Leeds climbed onto the bow of the cigarette boat and waved his hand before the eyes of the leggiest bimbette, the one with a coppery ponytail. She was toasting herself on her tummy, a black thong deliciously lost in the crack of her suntanned buns.
"Don't that feel uncomfortable?" Leeds asked, "I mean, do you like giving yourself a Melvin all day long?" Fortney said with a sigh, "Barefoot girl with cheeks of tan. You could take her pulse with an hourglass."
She couldn't care less what the cops said. She was scoping out a winged purple pony galloping across the Ingraham Street bridge. Waiting for the fucking horse to get sick of the car traffic and fly!
"Whadda you wanna do," Leeds asked Fortney, "with this boatload of living dead?"
"Ship of fools," Fortney said. "Brain-nuked. They'd need three weeks to come up with a message for an answering machine."
Leeds sensed that Fortney was as indifferent and lazy as he was. "Wanna let em skate?"
"Yeah, if Alli Baba here signs the ticket without further ado, he can put a Handi Wipe on his bean and offer thanks to Mecca."
The Saudi scrawled his name across the citation and jumped back behind the wheel, gunning the engines the moment the cops were reboarding the patrol boat.
Leeds made it. For
tney made it with one foot on the gunnel just as the hallucinating Arab dropped it into gear. The cigarette boat jerked the cleat right out.
Fortney stayed where he was, but the cigarette boat roared from under his right foot. Leeds watched in astonishment as Fortney dropped straight down like an anchor until nothing was visible but his floating blue hat. Then the flotation jacket popped him up like a cork.
An hour later the bimbettes were sobering up in the company of two happy lifeguards who came to the Harbor Unit's assistance. And the Saudi was on his way to jail for driving under the influence, with his boat impounded. Fortney eventually returned to the Harbor Unit office with blue lips, chattering teeth, and clammy underwear. The lifeguards couldn't have been jollier if they'd been hanging ten on the Banzai Pipeline. They were sick and tired of the cops dissing them with old Beach Boy songs whenever they motored by, so after they helped rescue Fortney and assisted in wrapping up the deadheads on the cigarette boat, they just had to drop by the Harbor Unit to check out Fortney's goosebumps.

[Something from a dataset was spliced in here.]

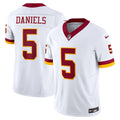 Washington Commanders Jayden Daniels White Vapor F.U.S.E. Limited Super Bowl Era Jersey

When the lifeguards entered, they found Fortney pushing a broom, wearing nothing but swimming trunks and a blanket. His dripping uniform was lying in a puddle on the floor and his holster and gun were draped over the back of a chair. He was sweeping up sand, seaweed, and assorted flotsam and jetsam that had oozed and slithered out of his clothes.
"Whatcha doin', dude?" the older lifeguard asked cheerfully.

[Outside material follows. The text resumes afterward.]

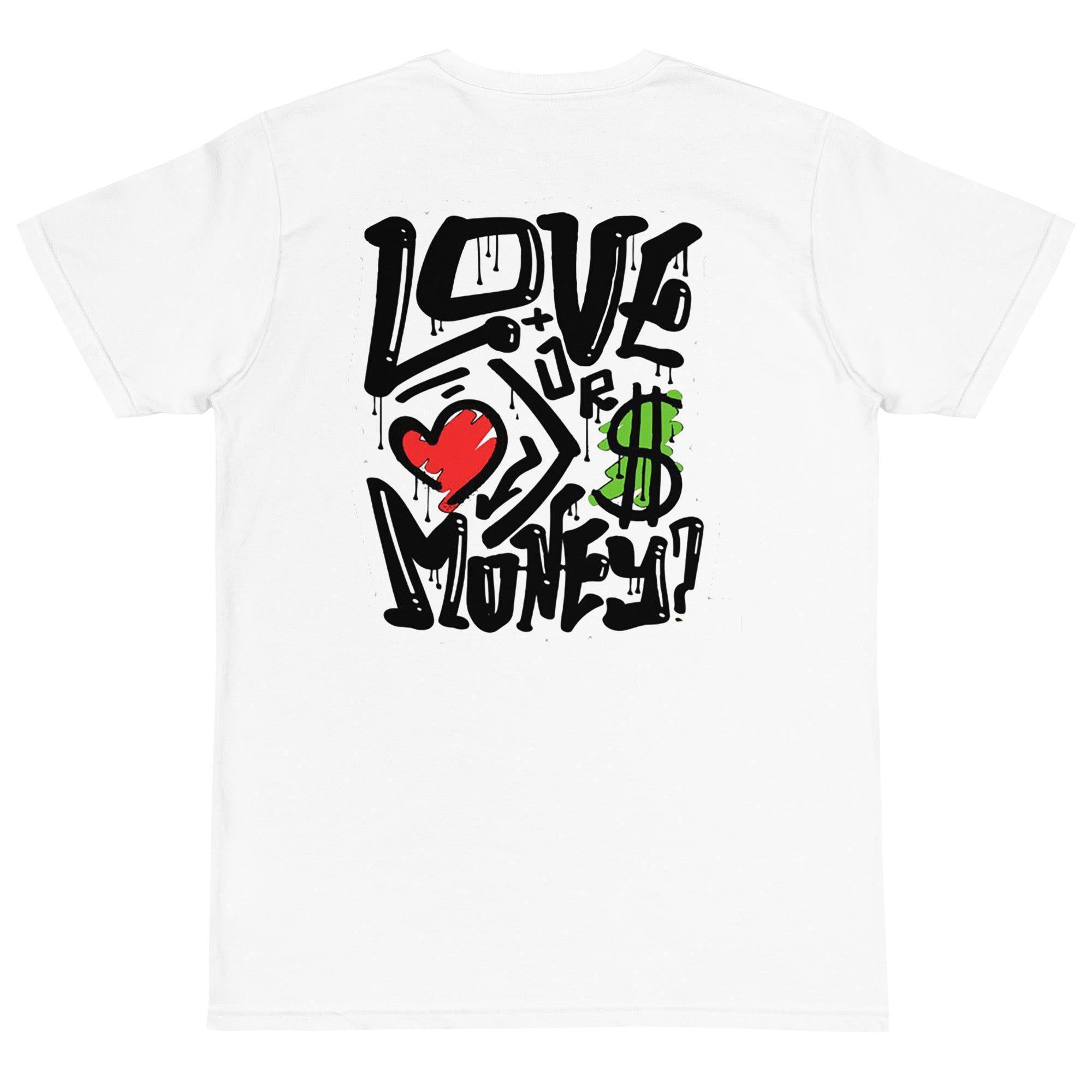 Finance | Love Or Money Art T-Shirt - InvestmenTees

"What's it look like?" Fortney croaked. "I'm practicing curling for the winter Olympics."
The younger lifeguard said to the other one, "Dude, I am just unstoked and unvibed."
"Whadda ya mean, dude?" his partner said with an evil eye aimed at the shivering cop.
"I mean, like, we thought we wanted to raise a cop of good cheer? And whadda we end up with? A frozen copsicle!"
"If my nine wasn't drying out," Fortney said to the lifeguards, "I'd blast you moondoggies right outta your flip-flops."